Originally published at PPE.
There is an emerging body of literature questioning the usefulness of the term ‘neoliberalism’. This work has highlighted the tendency for new analysis to simply add another yet more precise definition of neoliberalism in an effort — as Rajesh Venugopalsays — ‘to refine, complicate and extend old concepts, or to proliferate new ones’. At the same time, authors have often found solace in emphasising neoliberalism’s hybridity and variegation, but this has not necessarily enhanced understandings of what we mean by the conception or process.

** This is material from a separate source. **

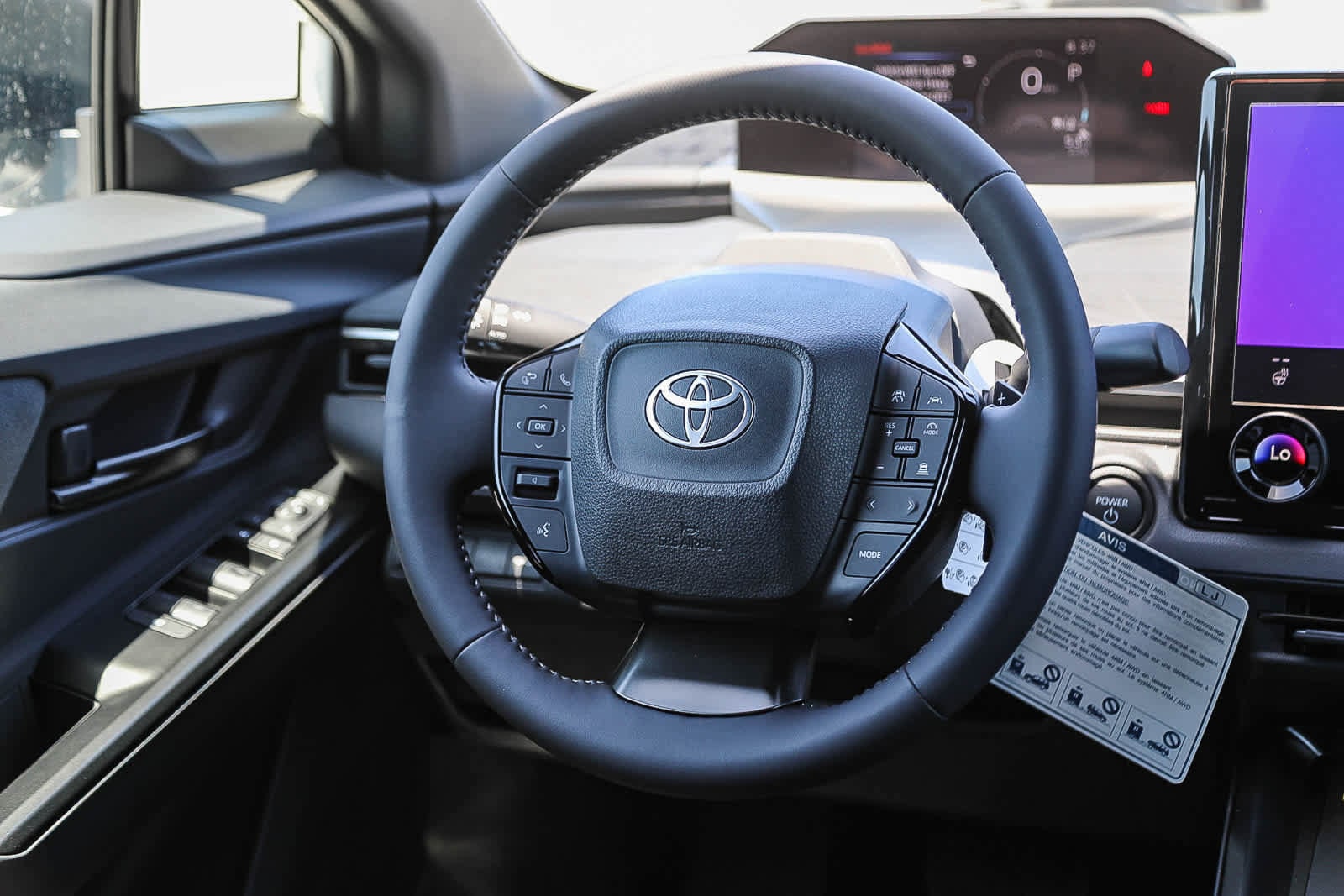Thumbnail: 2026 Toyota C-HR - 17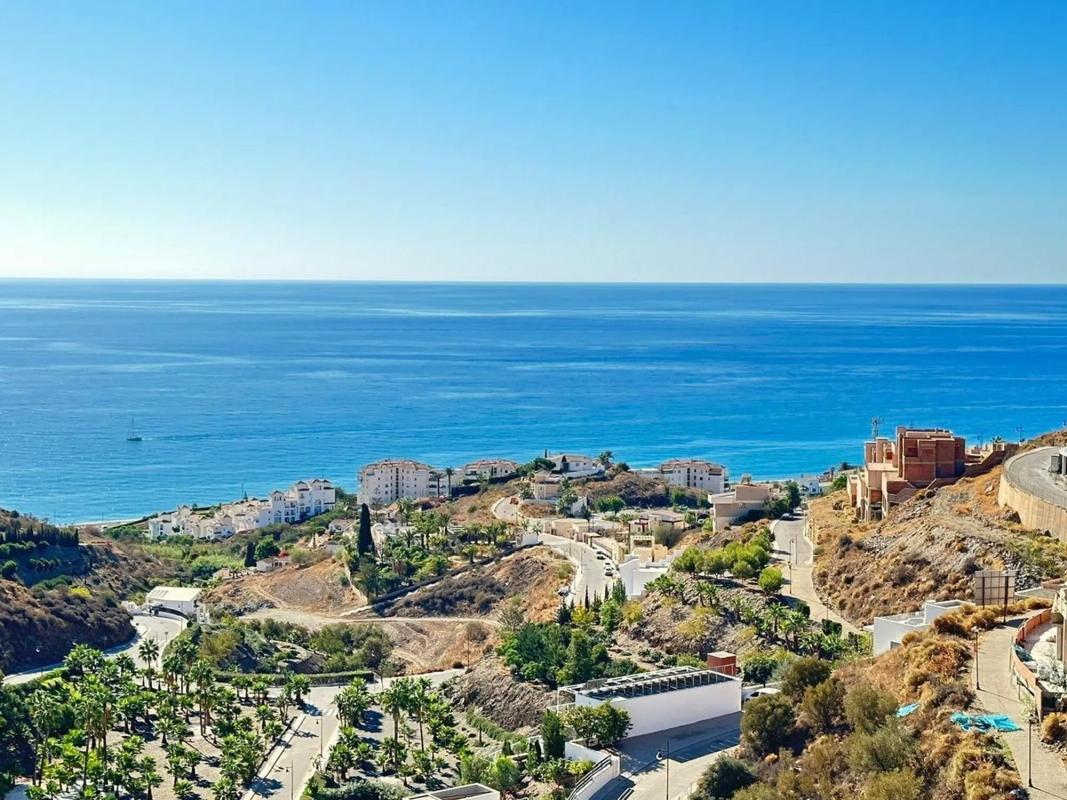 Terreno en venta en Nerja, Malaga photo 1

In a recent paper in Critical Sociology, titled ‘How Labour Made Neoliberalism’, Damien Cahill and I argue there might be another way to bring greater clarity to the term and the processes of neoliberalism it describes. In our article we argue there is a dominant narrative across most of the critical and Marxist literature analysing neoliberalism, used to explain the global origins of these political economic changes in the vanguard neoliberal period of the 1970s and 1980s. The vanguard period was characterised by the initial and most intense implementation of neoliberal policies, as national economies were pushed into a new macro-economic and social policy framework in response to the economic crisis that ended the long boom. The dominant narrative posits that neoliberalism’s birth was in the Chicago Boys’ laboratory in Pinochet’s Chile, an experiment subsequently replicated at the heart of the global economy through the New Right projects of Thatcher and Reagan. On this account, the project was shaped and encouraged by neoliberal think tanks and thought collectives, such as the Mont Pèlerin Society, and imposed coercively on organised labour in a conscious effort to tame its power.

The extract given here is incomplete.